Il progetto Transaqua proposto dalla società Bonifica in associazione con la Power Construction Corporation of China dovrebbe costare sugli 11-12 miliardi di euro e potrebbe rallentare la fuga di migranti africani verso l’Europa, ha affermato a un quotidiano ugandese il direttore tecnico di Bonifica, Franco Persio Bocchetto.

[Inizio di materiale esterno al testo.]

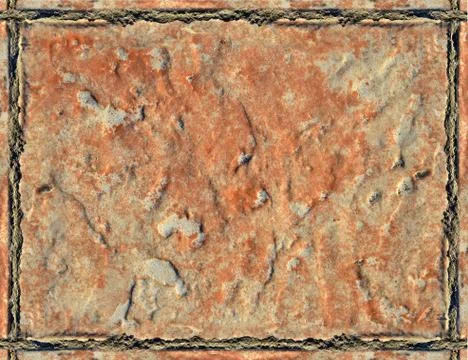 Rough surface orange ceramic tiles, background top view Stock Photos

Il progetto però ha in sé alcuni rischi concreti, come l’istabilità politica di quella porzione di continente africano, la presenza di bande armate come quelle di Boko Haram e come la continua competizione fra i Paesi.
Città del Capo a secco
Città del Capo (4 milioni di abitanti) è ormai a secco perché si è prosciugato il bacino artificiale della diga di Theewaterskloof, alimentata dal fiume Sonderend. Creata negli anni 70, la diga può contenere 480 milioni di metri cubi e rappresenta il 41% della disponibilità della metropoli. I cambiamenti climatici riducono l’apporto di pioggia mentre cresce la domanda d’acqua della cittadinanza. Le politiche sudafricane puntano a contenere i consumi della città a 600 milioni di litri al giorno. Pare scongiurato per ora il giorno in cui dai rubinetti non uscirà altro che un sibilo d’aria, ma quando accadrà l’evento potrebbe essere il primo nel suo genere e offrirà una dimostrazione pratica su come può reagire una grande città che non ha altri accessi all’acqua potabile.
Geoingegneria cinese
Oltre all’Italia che ha fornito ingegneri per le grandi opere di mezzo mondo, c’è un altro Paese che affronta le sfide delle costruzioni: la Cina ha creato l’identità nazionale chiudendosi nella Grande Muraglia. Ora per portare acqua nel Nord del Paese, verso Pechino e verso le aree semidesertiche vicine alla Mongolia e al Gobi, la Cina ha lanciato il progetto colossale “Nan Shui Bei Diao”, ovvero Canale deviatore Sud-Nord, ovvero Snwdp (South-to-North Water Diversion Project). Si tratta di intercettare lo Yangtze e il Fiume Giallo pari a 44,8 milioni di metri cubi l’anno di acqua con 4.350 chilometri di canali colossali.
Il mare scomparso della steppa
Ed ecco nel centro dell’Asia il lago d’Aral, una volta un mare immenso fra le steppe dell’Asia Centrale, alimentato dai fiumi Syr Darya e Amu Darya che dal 1940 furono deviati dall’Urss per irrigare in Uzbekistan il cotone imposto ai sovkoz dai piani quinquennali.Oggi di quel mare resta appena il 20% che ha lasciato scoperto un terreno arido, salato e inquinato. Il vento trasporta sale e radioattività sulla popolazione intossicata ed esposta a malattie. Interventi condotti dai Paesi rivieraschi come Kazakhstan, Uzbekistan, Turkmenistan hanno fermato il disseccarsi del lago.